Cette ouverture du cœur à la réalité de la Nouvelle Alliance et à la Loi inscrite au fond des coeurs est vraiment un fruit de l’Esprit. Notons qu’une révélation forte ne dispense pas d’un long travail de volonté, d’intelligence et de nombreux combats.

La joie d’être un vivant.
Ce qui m’apparut - dans le témoignage des charismatiques, comme dans ma propre vie - comme le premier effet du passage de l’Esprit dans une vie, c’est la joie, une certaine légèreté de l’être.
" Que le Seigneur fasse briller sur toi son visage ! " (Nombres 6,22). Oui, le visage de ceux qui avaient reçu la grâce de l’Esprit rayonnait de joie. Quel contraste avec l’état mental de la société totalement conditionnée par " l’esprit du monde " au sens de saint Paul ! Depuis Mai 68, nous nous prétendions heureux puisque libérés de l’oppression de la Loi et de l’Autorité, mais sous la profusion des paroles et des slogans incantatoires se cachait l’immense tristesse d’un peuple d’orphelins. Quand l’Esprit n’est pas accueilli, le monde et la personne sont dans la tristesse. Quand l’homme centre sa vie sur lui-même, il s’enferme dans une prison, et se prive d’une dimension essentielle à son être. Combien d’hommes et de femmes - notamment des jeunes - tombent dans la dépression voire sont conduits à la drogue ou au suicide parce qu’ils se meurent, au sens fort du mot, parce que l’être spirituel et la relation avec un Autre n’ont pas pu éclore en eux ?
Au contraire les jeunes charismatiques que je rencontrais exultaient, car ils étaient nés de Dieu.
Au fil de ce reportage qui dura des mois j’ai moi-même fait l’expérience progressive de la sortie de la tristesse et de la mort, du retour à la joie et à la vie. Mon regard de journaliste sur le monde et sur l’Eglise changeait : le voile de tristesse et de mort qui me semblait les recouvrir se levait, et l’Esprit saint me donnait de voir des pousses de vie, des promesses d’espérance. Je revivais, comme les os d’Ezéchiel.
Celui qui s’ouvre à Dieu et accepte de l’accueillir, ou celui qui a l’immense grâce d’une irruption gratuite de l’Esprit en sa vie, découvre une joie et une paix profondes, une douceur de vivre jamais goûtée.
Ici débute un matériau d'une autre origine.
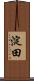 淀田 Scroll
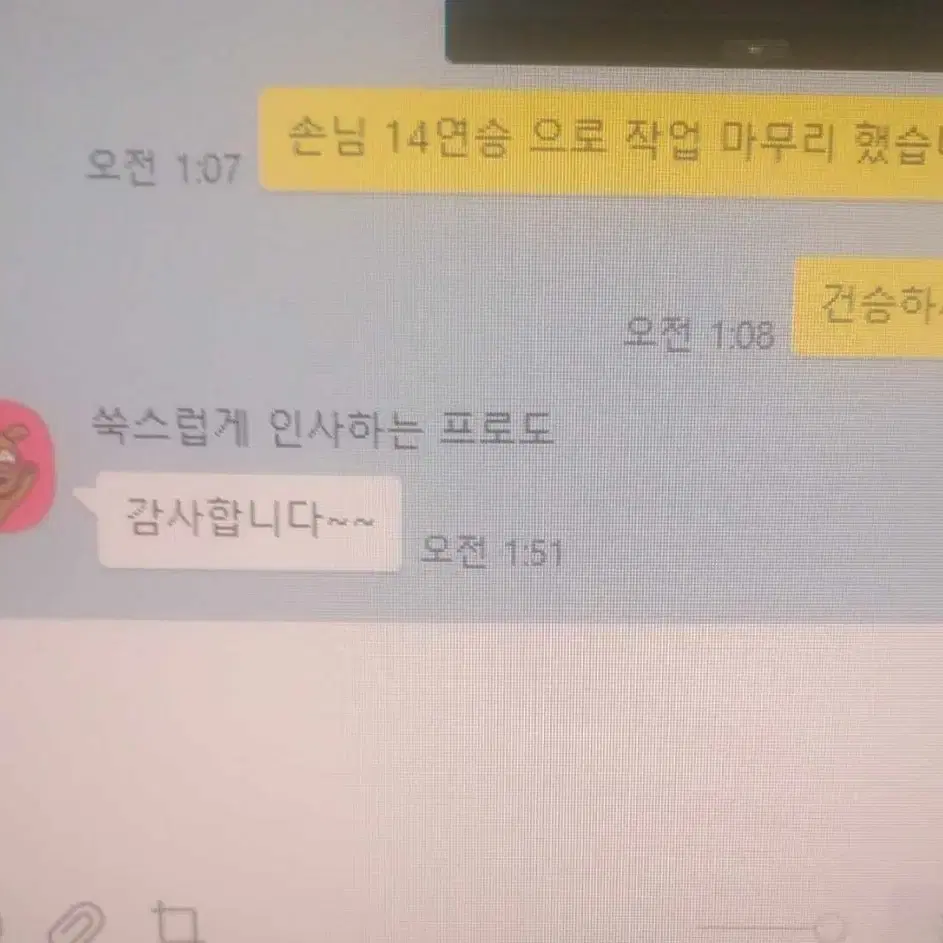 LOL 리그오브레전드 최저가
L’Ecriture est pleine de ces constats. L’Esprit fait de nous des vivants. Lui seul peut animer durablement notre être. On peut être profondément vivant et joyeux même dans l’épreuve. C’est la vision d’Isaïe, au cœur même de l’Exil, quand tout est échec et désespérance pour le peuple élu. " Peuple de Sion, toi qui habites Jérusalem, jamais plus tu ne pleureras. Quand tu crieras le Seigneur se penchera vers toi… Dans l’angoisse, le Seigneur te donnera du pain, et de l’eau dans ta détresse. Celui qui t’instruit ne se dérobera plus et tes yeux le verront… " (30, 19-21). Cette joie nous est donnée par la conscience des bienfaits de Dieu sur notre vie, de son amour inconditionnel, par tant de signes qu’Il est au travail en chacun et dans son Eglise. Cette joie est fondée sur cette certitude que Dieu prend soin de nous. Elle ne pousse pas à la passivité, ne dispense pas de la réflexion, ne supprime pas les interrogations et les doutes… mais il y a un Roc qui ne bouge pas.
L’apparition des charismatiques a bien été dans l’Eglise le signe d’une nouvelle Pentecôte. Dieu a regardé son peuple qui était dans l’affliction, dans cette sorte de tristesse profonde que donne la fausse indépendance, et Il a envoyé son Esprit Saint pour lui redonner un avenir, pour lui montrer la joie, la paix et la vie. Dieu a regardé ses enfants, Il a eu pitié et Il leur a donné la vision d’une Terre promise, à eux qui ne voyaient pas plus loin que le bout de leur nez. En annonçant le Concile, le Pape Jean XXIII avait supplié l’Esprit qu’il " renouvelle l’Eglise comme en une nouvelle Pentecôte. " Et voici que l’Esprit saint envoyait ses langues de feu, comme il y a 2000 ans, sur une Eglise un peu exsangue et démoralisée secouée, desséchée.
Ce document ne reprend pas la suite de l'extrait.